**SUPPLIED MATERIAL:**

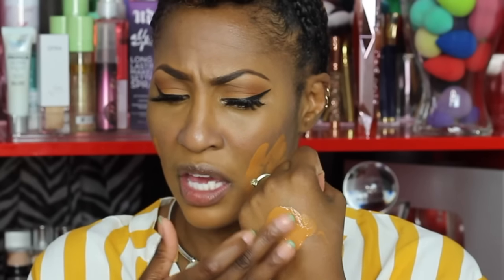If it wasn't for y'all asking me to do this review I probably wouldn't have grabbed this foundation. I don't have a whole lot of time to watch YouTube like I used to, but I did take a sneak peek at Jackie Aina's video and she tried it. That helped my situation because I know that she is oily.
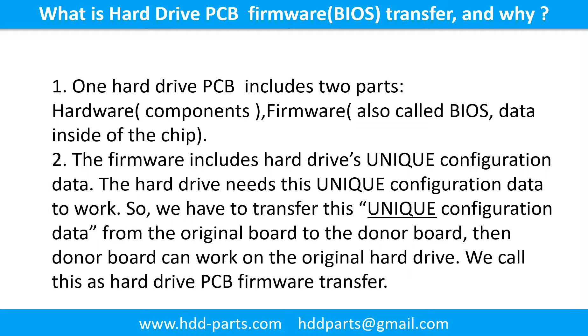What is the hard drive printed circuit board firmware transfer and why? One hard drive printed circuit board includes two parts: hardware and firmware. Hardware means the components and the printed circuit board. Firmware, also called BIOS, is the data inside the chip. The firmware includes the hard drive's unique configuration data. The hard drive needs this unique configuration data to work, so we have to transfer this unique configuration data from the original board to the donor board. Then the donor board can work on the original hard drive. We call this the hard drive printed circuit board firmware transfer.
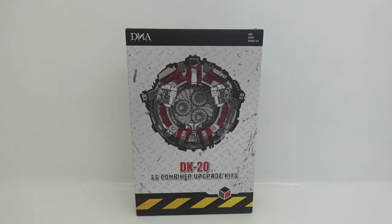Hello everyone and welcome back to the channel. In today's video we're going to be taking a look at the brand new DNA Design DK20 Studio Series Combiner Upgrade Kit for Devastator. This upgrade kit is just amazing — when it shipped to me I literally leaped with joy. This being my first upgrade kit, it is actually one of the best upgrade kits DNA Design has ever released, and looking at some reviews I think it would be one of the best they've made.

**WHAT IS REQUIRED:** From the first line to the last, output the data exactly, without the pictures.

**WRITTEN REPLY:**
If it wasn't for y'all asking me to do this review I probably wouldn't have grabbed this foundation. I don't have a whole lot of time to watch YouTube like I used to, but I did take a sneak peek at Jackie Aina's video and she tried it. That helped my situation because I know that she is oily.
What is the hard drive printed circuit board firmware transfer and why? One hard drive printed circuit board includes two parts: hardware and firmware. Hardware means the components and the printed circuit board. Firmware, also called BIOS, is the data inside the chip. The firmware includes the hard drive's unique configuration data. The hard drive needs this unique configuration data to work, so we have to transfer this unique configuration data from the original board to the donor board. Then the donor board can work on the original hard drive. We call this the hard drive printed circuit board firmware transfer.
Hello everyone and welcome back to the channel. In today's video we're going to be taking a look at the brand new DNA Design DK20 Studio Series Combiner Upgrade Kit for Devastator. This upgrade kit is just amazing — when it shipped to me I literally leaped with joy. This being my first upgrade kit, it is actually one of the best upgrade kits DNA Design has ever released, and looking at some reviews I think it would be one of the best they've made.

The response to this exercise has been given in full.